И, точно как в опере, вначале ничего не понятно. Но так велико обаяние героев, что я, очарованный читатель, иду за ними вслед и даже не сомневаюсь: всё обязательно разъяснится, раньше или позже.

 

A propos, читательское доверие здесь — очень важный момент. Клетиничу удаётся завоевать его буквально с первых строк и удерживать до самого конца. Всё дело в интонации. Голоса Шантал, Вити да и всех остальных звучат настолько естественно, что кажется, ты знаешь этих людей давно. Так могут говорить родственники, близкие друзья.

Между тем персонажей становится всё больше.

И вот уже многоголосый хор обрушивается на читателя, увлекает за собой.

Роман ветвится сюжетными линиями, их много, они тянутся вглубь, вширь, а герои…

Кто-то из критиков заметил, что хочется вычерчивать схемы — кто с кем, когда и что.

Согласна. Тем более что я-то как раз чертила.

 

Можно ли поставить такую перегруженность автору в упрёк?

Да. Но зачем? Клетинич пишет полномасштабное художественное полотно, которое можно сравнить с домотканым молдавским ковром, где нити органично переплетаются друг с другом, и каждый новый узор уникален, неповторим.

Жанровая палитра в «Бессмертии» тоже разнообразна: семейная сага, любовный роман (любовных линий в романе полно, жаркие, южные), авантюрный роман, чуть ли не шпионский детектив — и летопись бессарабского еврейства 30-40-х годов. Чёрным облаком зависло над юной Шантал чужое воспоминание о расправах над евреями во времена Первой мировой, такое страшное, что и верить не хочется.

Не было этого, и быть не могло!

Прячась за спасительные слова, словно за высокий забор, она твердит: «Жизнь была благом, благом…» Но от трагедии сороковых годов ей отгородиться уже не удается.

Это было. Было и есть.

 

Интересен приём романа в романе. У Клетинича, в отличие от Булгакова, вставной роман существует в виде одной-единственной фразы:

«В детстве, то есть еще прошлой осенью…»
Ах, какая! Сразу пахнуло прелыми листьями — правда?

 

Но кто автор этой фразы, неизвестно — Ильин-Шор, он же дед Вити Пешкова, Шантал (с этой «прошлой осени» начинается девичий дневник), её отец, которому однажды писал великий Толстой? Претендентов много.

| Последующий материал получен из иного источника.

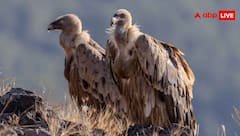 देश के 72% हिस्से से गायब हुए गिद्ध, जानें अब कहां-कहां है इनकी मौजूदगी?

Или автор — сама жизнь, щедрая на лихо закрученные сюжеты…

 

Борису Клетиничу чужда прямолинейность в ответах, и он предоставляет выбор читателю.

За собой же автор оставляет право отменять героев.

Сказал—сделал персонаж что-то не то — отменить.

Вызвал чересчур сильную эмоциональную реакцию — отменить.

В жизни так не получается, зато в тексте — запросто.

Среди прочих под раздачу попадает Лебедев, отчим Вити Пешкова. Персонаж любопытный, противоречивый, словно из романов Достоевского.

И вина-то его не велика — оказался мелковат. Не дотянул до масштабов ГЕРОЯ. Но для автора это не просто важно — архиважно. Поэтому категоричное: «Я отменяю его!»

Может, и прав. К чему отягощать себя лишними компромиссами.

 

В какой-то момент любой читатель «Моего частного бессмертия» задается вопросом, насколько роман автобиографичен.

На это работает многое: рассказ от первого лица (Витя Пешков), Кишинёв, город детства автора и главного героя, проставленные даты, тот же ВГИК, в котором учились как повзрослевший Виктор, так и сам Борис Клетинич, московско-кишинёвские знаковые места…

Хотя про Москву мне судить сложно, но кишинёвцы свои точно распознают.

Мне, также окончившей 37-ю школу, со страниц романа подмигивают знакомые имена.

Даже клички учителей, и те звучат!

 

Выше я писала об универсальности романа. Но теперь мне хочется воспользоваться авторским приёмом и громко воскликнуть: отменить!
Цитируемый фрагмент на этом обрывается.